Exercise brief: The entire listing below is to be written out exactly, minus the pictures.
--------------------
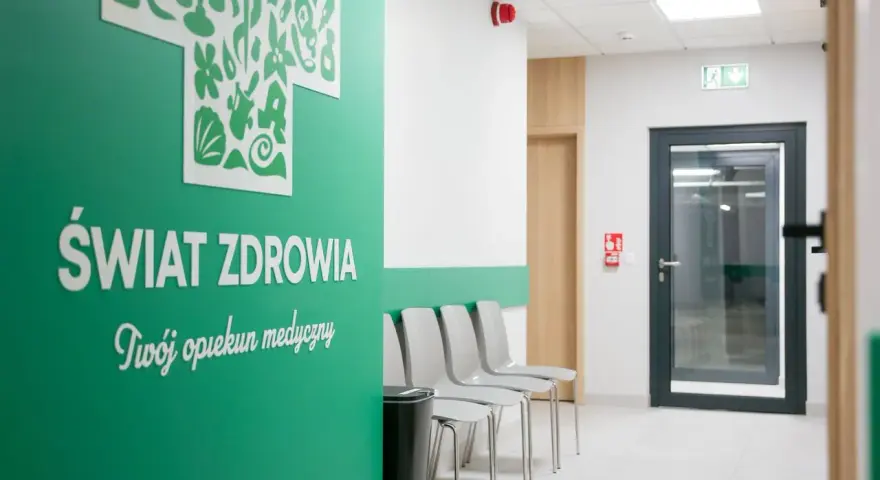 Nowoczesna poczekalnia kliniki medycznej z zieloną ścianą i napisem "Świat Zdrowia".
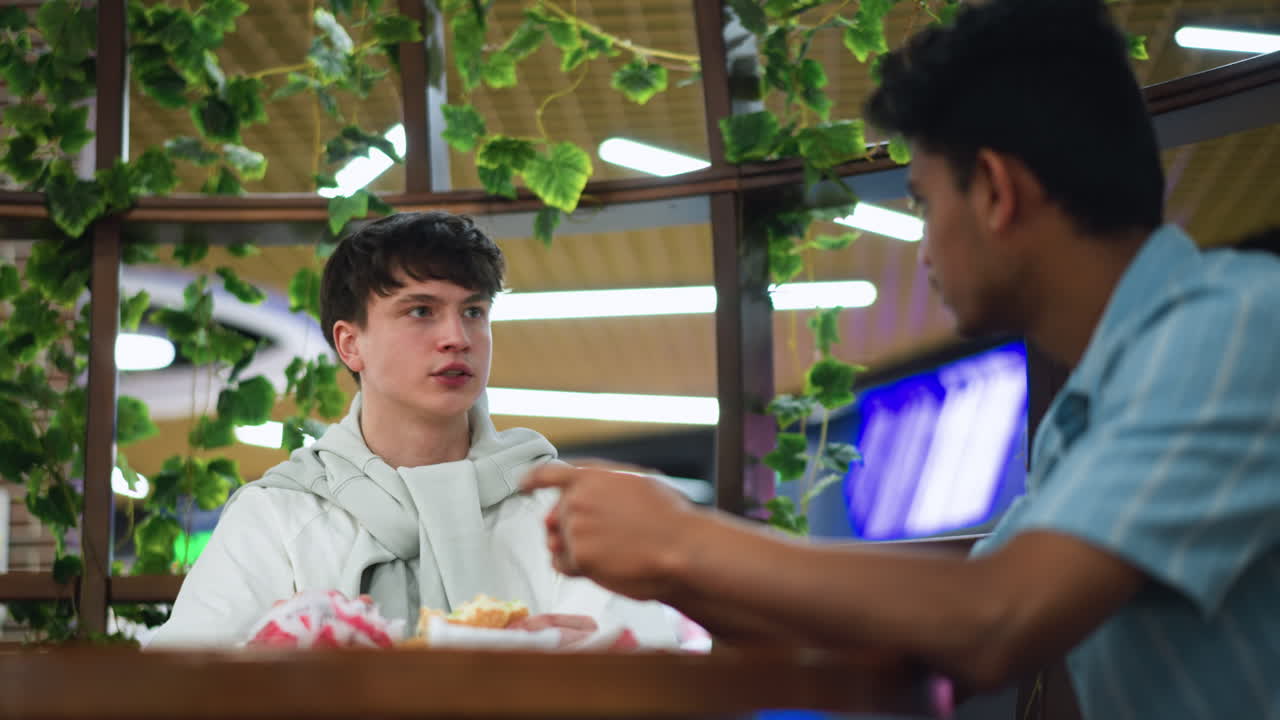Student in white shirt shaking head while looking at colleague during serious discussion , subtle background showing flowers hanging, emotional reaction conveying disagreement or concern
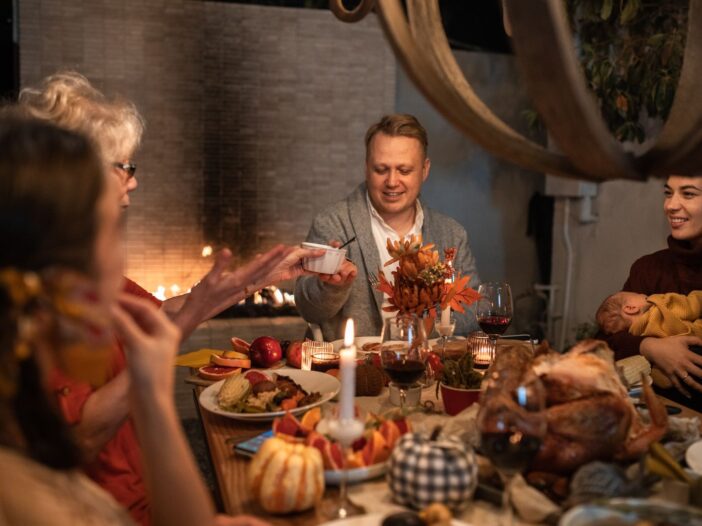 Family gathered around a festive Thanksgiving dinner, illustrating the true meaning of Thanksgiving.
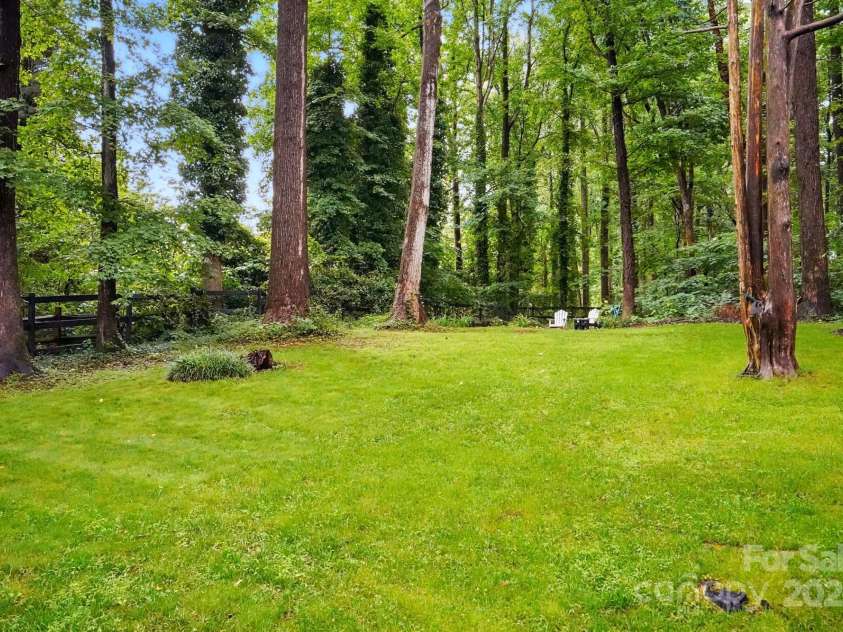 8708 Piccone Brook Lane, Charlotte, NC 28216.  MLS# CAR4267113, YatesRealty ID 18568. Large 1/2 acre fenced-in  lot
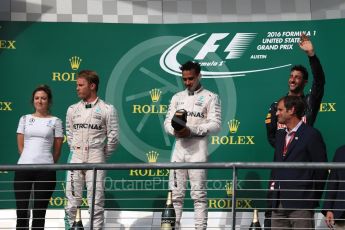 World © Octane Photographic Ltd. Mercedes AMG Petronas – Lewis Hamilton (1st) and Nico Rosberg (2nd) and Red Bull Racing – Daniel Ricciardo (3rd) with Victoria Vowels - Mercedes Partner Services Director. Sunday 23rd October 2016, F1 USA Grand Prix Podium, Austin, Texas – Circuit of the Americas (COTA). Digital Ref :1750LB1D4310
--------------------
Result below:
 Nowoczesna poczekalnia kliniki medycznej z zieloną ścianą i napisem "Świat Zdrowia".
Student in white shirt shaking head while looking at colleague during serious discussion , subtle background showing flowers hanging, emotional reaction conveying disagreement or concern
 Family gathered around a festive Thanksgiving dinner, illustrating the true meaning of Thanksgiving.
 8708 Piccone Brook Lane, Charlotte, NC 28216.  MLS# CAR4267113, YatesRealty ID 18568. Large 1/2 acre fenced-in  lot
 World © Octane Photographic Ltd. Mercedes AMG Petronas – Lewis Hamilton (1st) and Nico Rosberg (2nd) and Red Bull Racing – Daniel Ricciardo (3rd) with Victoria Vowels - Mercedes Partner Services Director. Sunday 23rd October 2016, F1 USA Grand Prix Podium, Austin, Texas – Circuit of the Americas (COTA). Digital Ref :1750LB1D4310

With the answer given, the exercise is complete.